Audit events can range from infrequent to frequent depending on the number of FMC users and their activity levels. Organizations may opt to export audit events to external log storage to ensure an audit record is preserved in the event that the FMC becomes inaccessible.

Health Events

Health events track system performance metrics like RAM and CPU utilization, disk usage, process status, interface status, and other areas of system functionality. These events are useful for identifying problems with the FMC and individual firewalls, and for verifying remediation.

Primary SOC & NOC Workflows for Firewall Events

Primary SOC Workflows

The most common SOC workflow is monitoring the threat events of intrusion, malware, and security intelligence. This includes performing true/false positive analysis and determining whether an attack was successful or not. These workflows can be performed directly on the events from the firewall, or as part of broader monitoring of aggregated logs in an XDR or SIEM platform.

SOC workflows are also commonly created for connection event monitoring. These workflows can include looking for rare or unusual connections within the event set, monitoring remote access protocols like RDP and SSH, and looking at broad traffic patterns to baseline the network and look for anomalies.

Monitoring of audit events can also be a SOC best practice, as this workflow can detect unauthorized access or unauthorized changes. A playbook built around audit log monitoring should include guidelines based on organization policy and change management.

Primary NOC Workflow

A NOC can leverage firewall connection events to verify network connectivity and confirm whether a connection was allowed or blocked (see the Beginning and End of Connection Logging section for considerations). The placement of firewalls at network boundaries and their logging capabilities make firewall logs an ideal resource for network troubleshooting and validation.

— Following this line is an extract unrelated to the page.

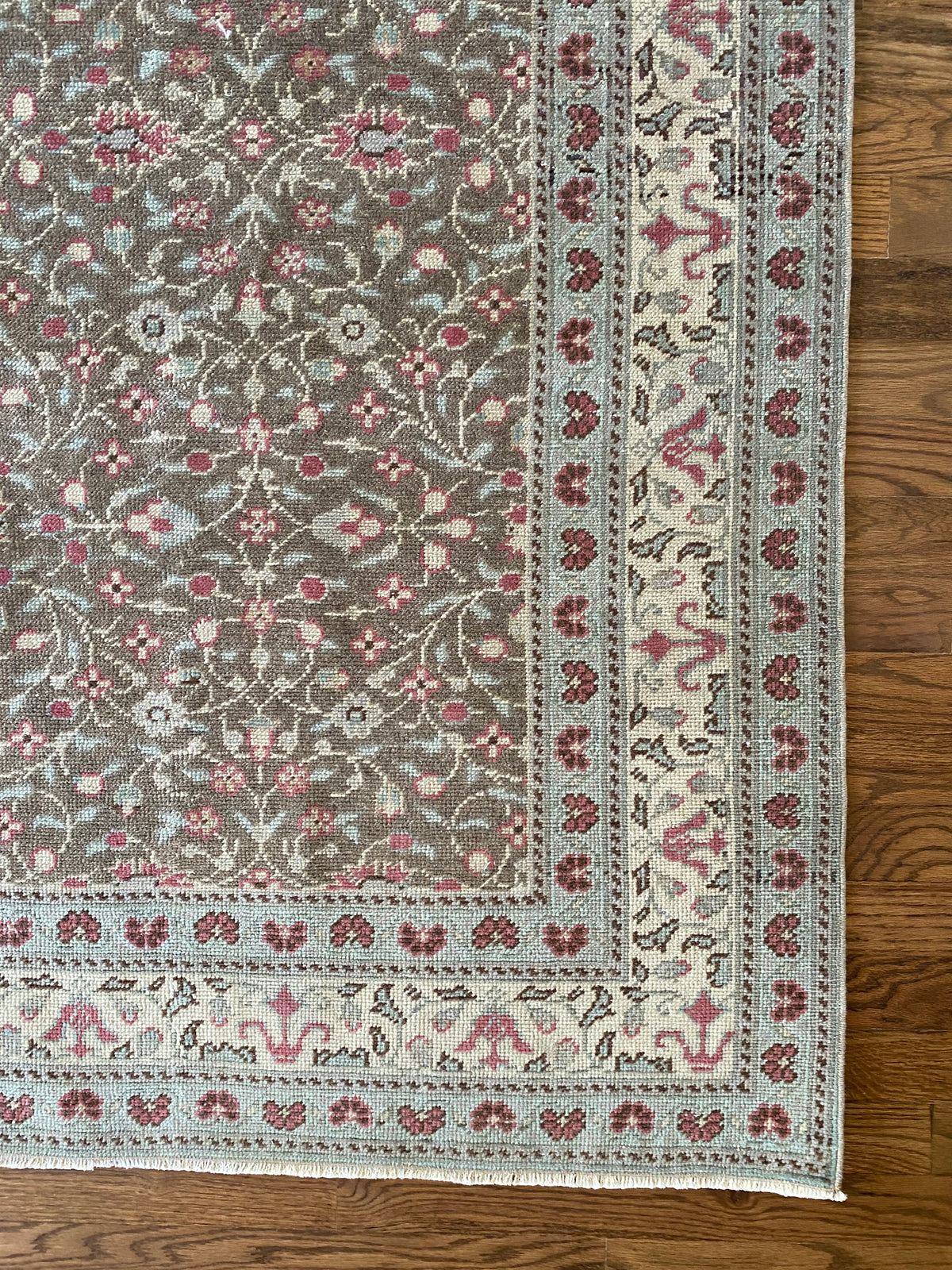 Vintage Kayseri Wool Rug 4’10”x7’3” – Hand-Knotted Mushroom Scatter Rug | Jillian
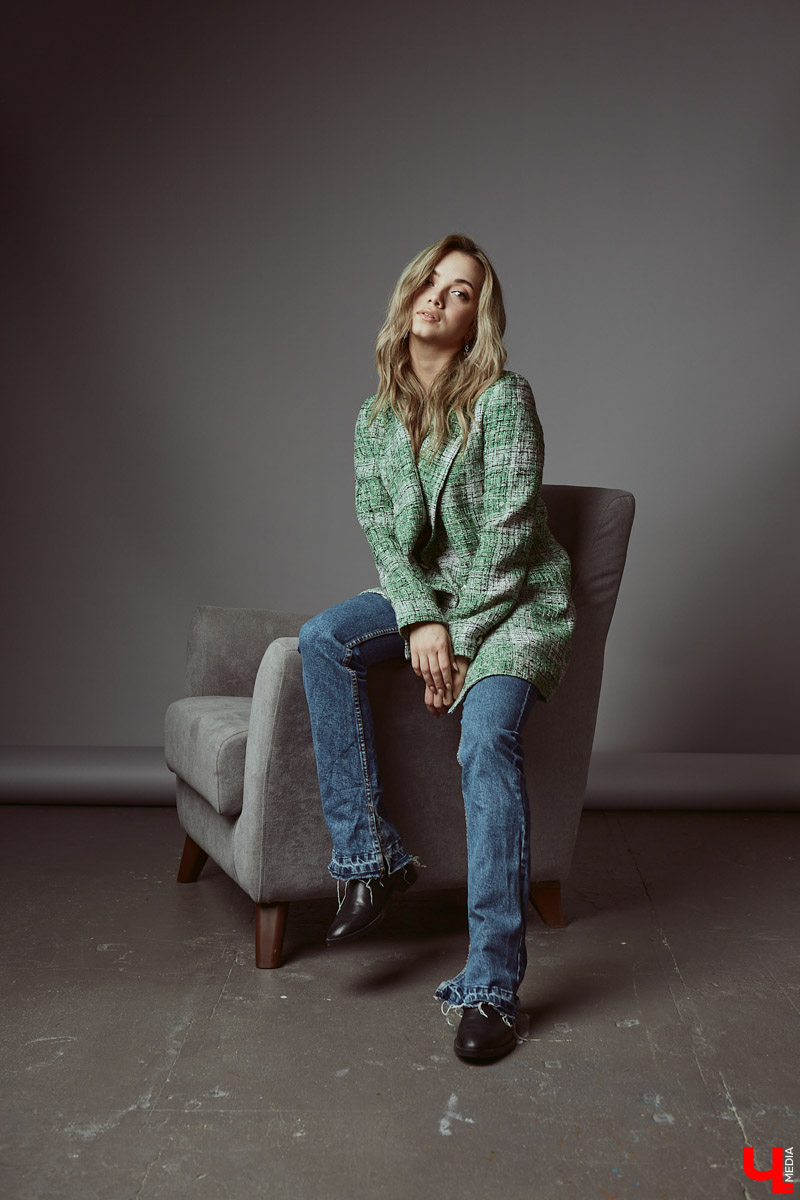 Сменила скучный дресс-код на повседневный кэжуал: стилист по прическам Виктория Черкунова представила нашему изданию свои любимые образы.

Guidance for Local vs. Remote Logging

Workflows

Events for any workflows that would benefit from remote logging should be prioritized. These include supplying threat events that can be used in advanced correlation and threat detection capabilities in SIEM and XDR platforms, workflows that benefit from aggregating all logs into a ‘single pane of glass’ for analyst efficiency, and workflows that have time or availability constraints that don’t align with local logging. An example of a time-based constraint would be investigating the source of a breach and needing to analyze the connection events for a compromised host days or weeks after the fact, a time frame where connection events could be pruned from local FMC log storage for some environments. An example of an availability-based constraint would be investigating the cause of failure for an FMC that has entered an inaccessible state and not having local audit logs available due to the failure of the FMC.

To facilitate the most workflows with the lowest data ingest costs, it is recommended to focus on threat events for remote logging and then assess other event types.

Storage

The FMC offers local event storage capacity that can last for days, weeks, months, or even years depending on the event type and traffic throughput for the firewall deployment. See the following Local Log Storage section for steps to confirm storage settings and assess log rates and retention. The primary exception to local log storage is connection events, which can last less than a day or even less than an hour for high throughput environments. The comprehensive network viewpoint offered by connection events makes them a high value log type for remote storage, but the high volume also means large data ingest costs.

Compliance

Federal regulatory frameworks and organization Security Policies can stipulate both remote logging requirements and minimum log retention periods. While an HA FMC configuration offers resiliency against log loss if one FMC fails, a correctly configured remote log storage system is considered the more resilient solution. Similarly the FMC may not meet minimum log retention requirements, particularly for connection events. It should also be noted that even though event types like intrusion events typically have extensive log retention periods on the FMC, the FMC database will always prune older events when the database limit is exceeded. This raises a small risk that an unexpected influx of events will prune older events and cause a violation of a mandated retention period.

Secure Firewall Management Center Local Log Storage

The FMC has native log storage that can last days, weeks, months, or longer depending on the volume of logs and the configured storage settings. Storage levels can be set in the FMC via Configuration > Database.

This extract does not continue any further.